RECORDS TO USE START
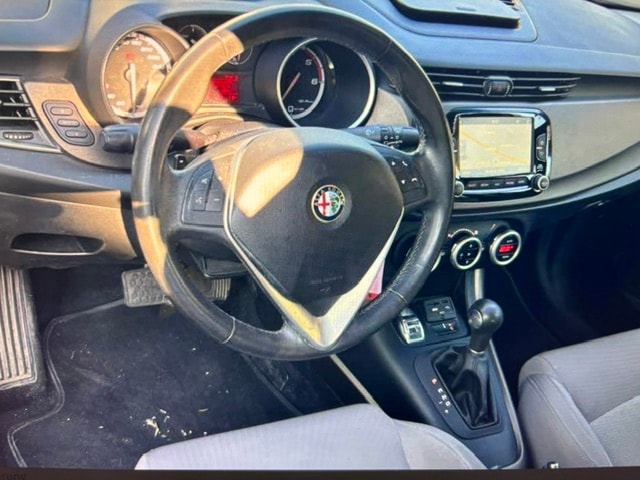 ALFA ROMEO Giulietta 2.0 JTDM Distinctive TCT-image-8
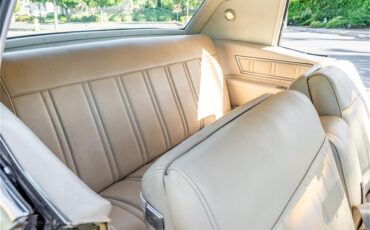 Cadillac-Deville-1968-Beige-Cream-81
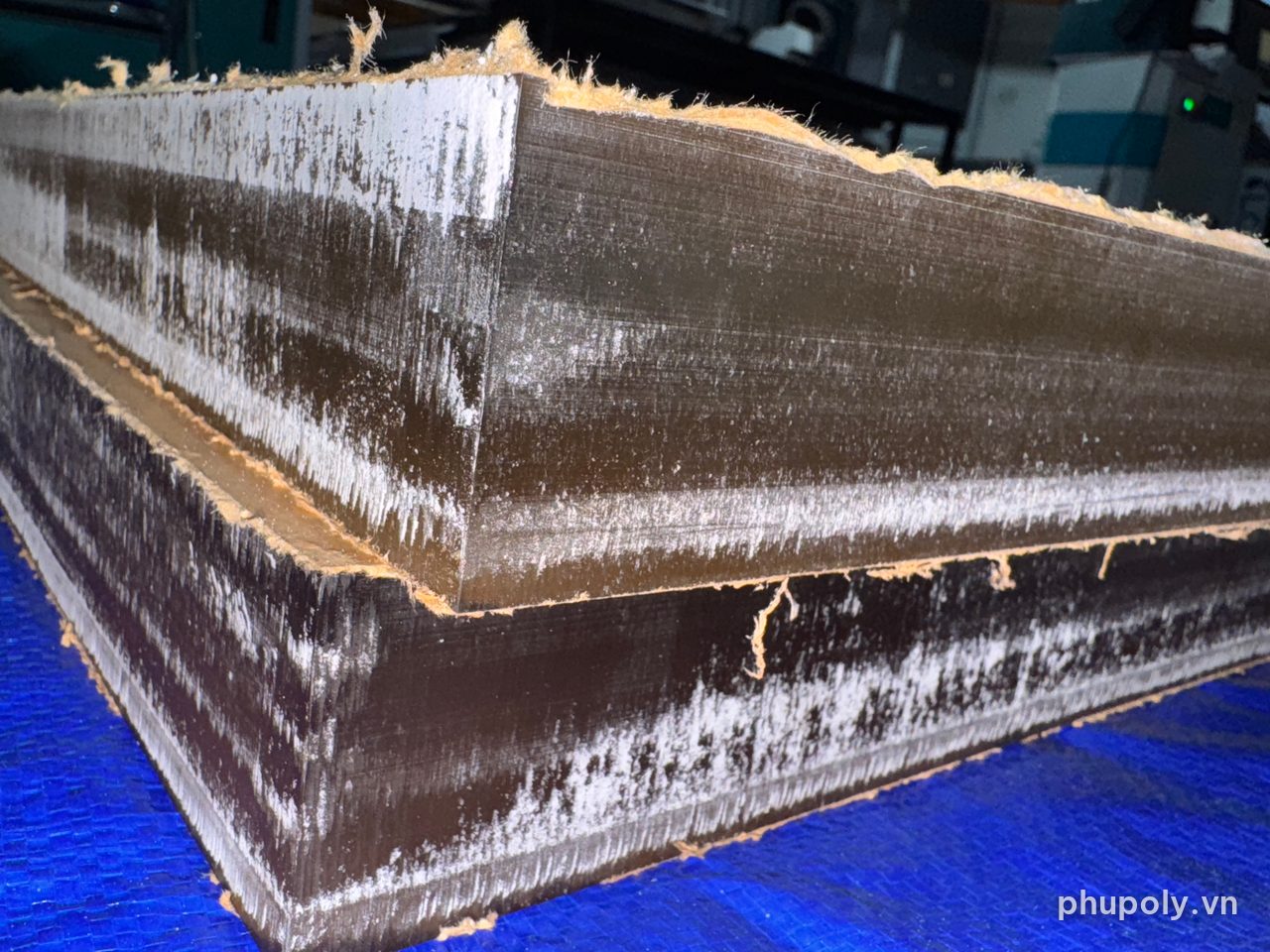 Hai tấm mica trong 50mm cắt lẻ 970 × 770mm xếp chồng, cạnh còn vết dao trắng, chưa đánh bóng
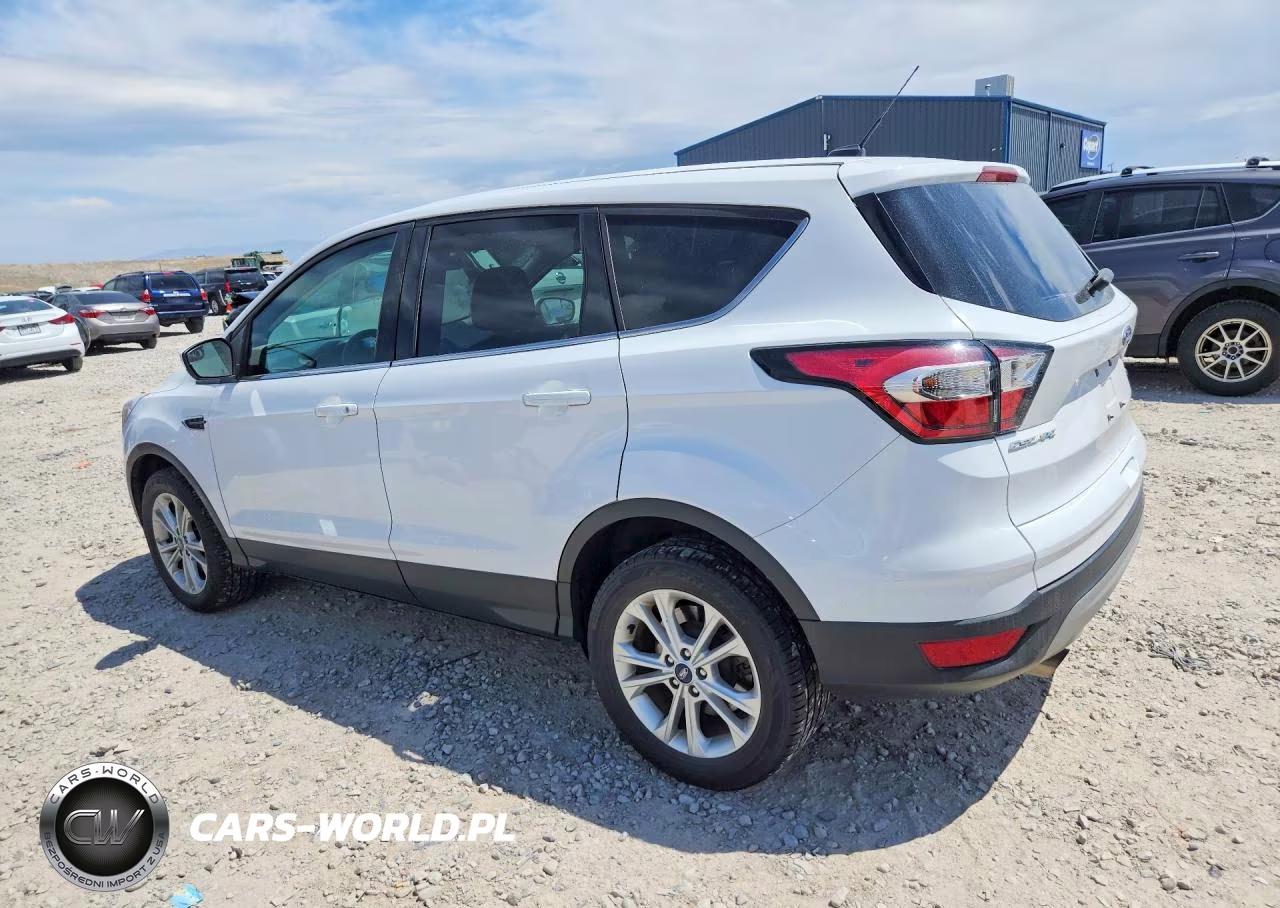 2017 Ford Escape Se VIN:1FMCU9GD8HUB61890 - 2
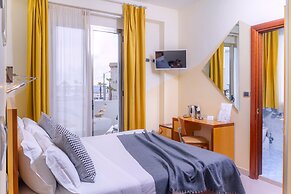 Piccadilly Suites and Rooms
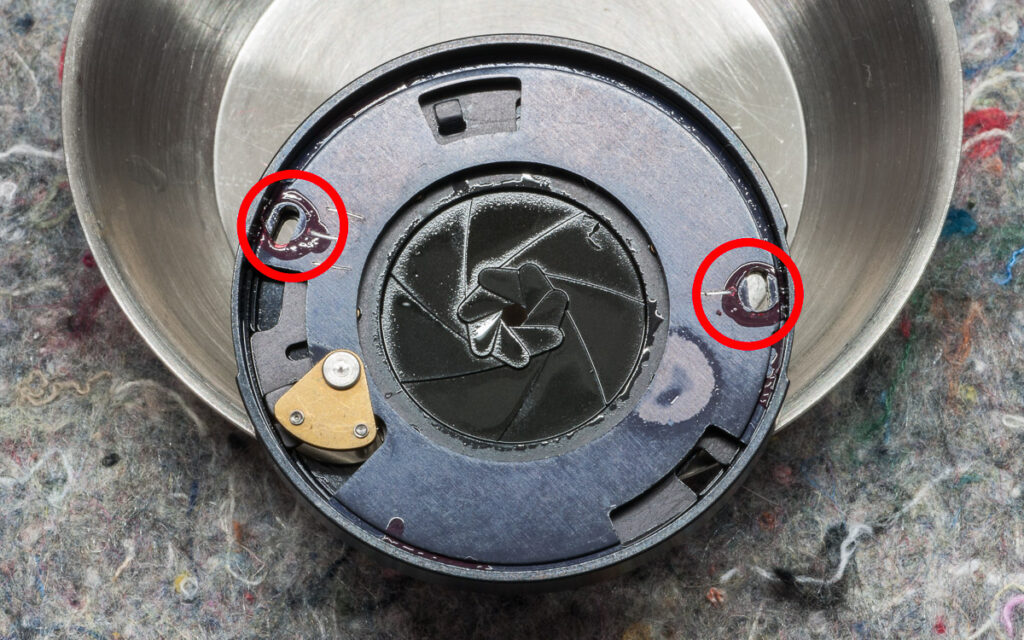 Nikon E Blendentopf. Tücke im Detail: Verklebte Schrauben in Objektiven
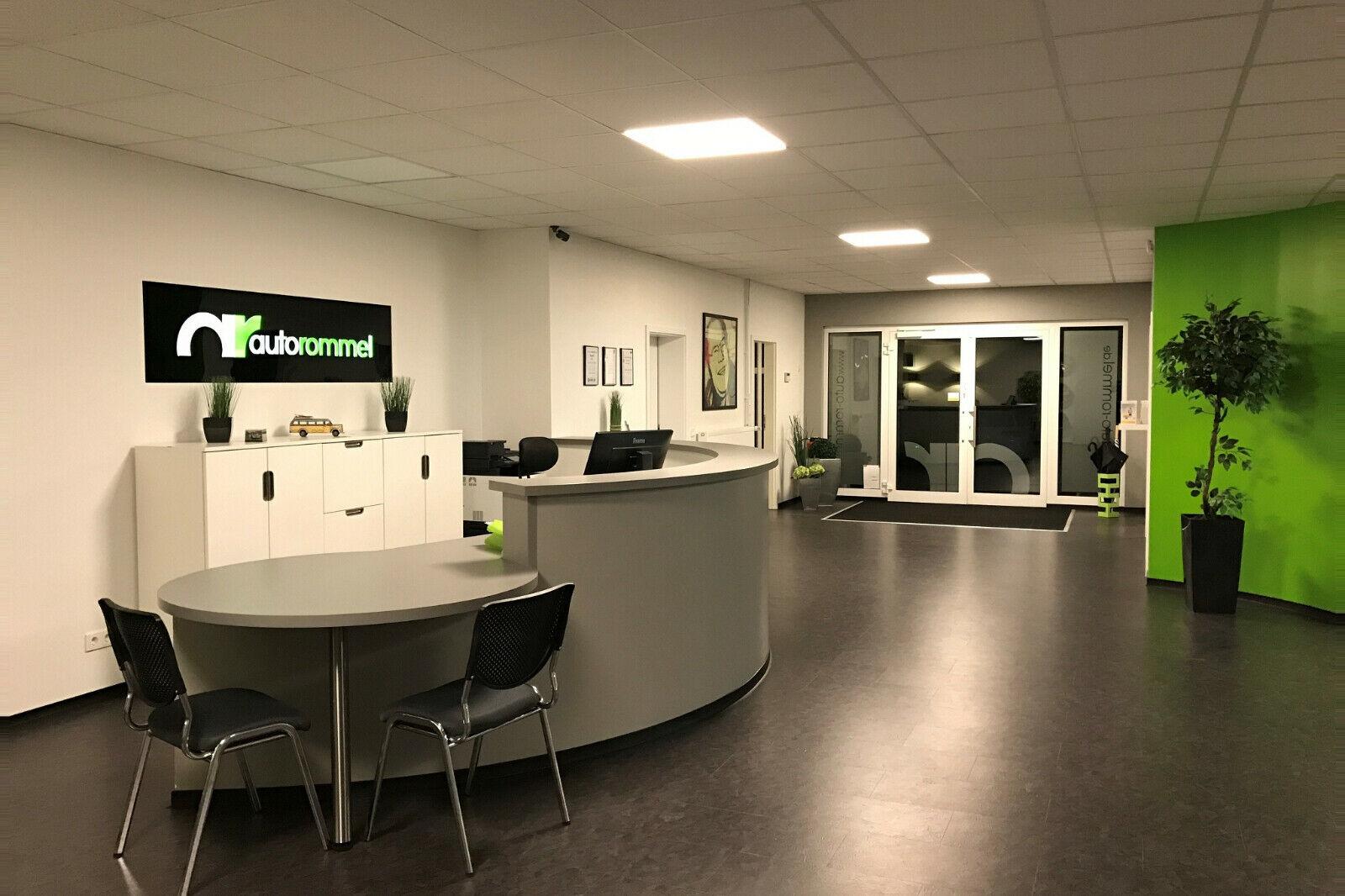 showroom-image-top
RECORDS TO USE END
_PROBLEM_
Would you please repeat the lines above exactly, from the first line of the listing through the line holding "Piccadilly Suites and Rooms", with nothing added and no pictures?

_COMPLETED EXERCISE_
 ALFA ROMEO Giulietta 2.0 JTDM Distinctive TCT-image-8
 Cadillac-Deville-1968-Beige-Cream-81
 Hai tấm mica trong 50mm cắt lẻ 970 × 770mm xếp chồng, cạnh còn vết dao trắng, chưa đánh bóng
 2017 Ford Escape Se VIN:1FMCU9GD8HUB61890 - 2
 Piccadilly Suites and Rooms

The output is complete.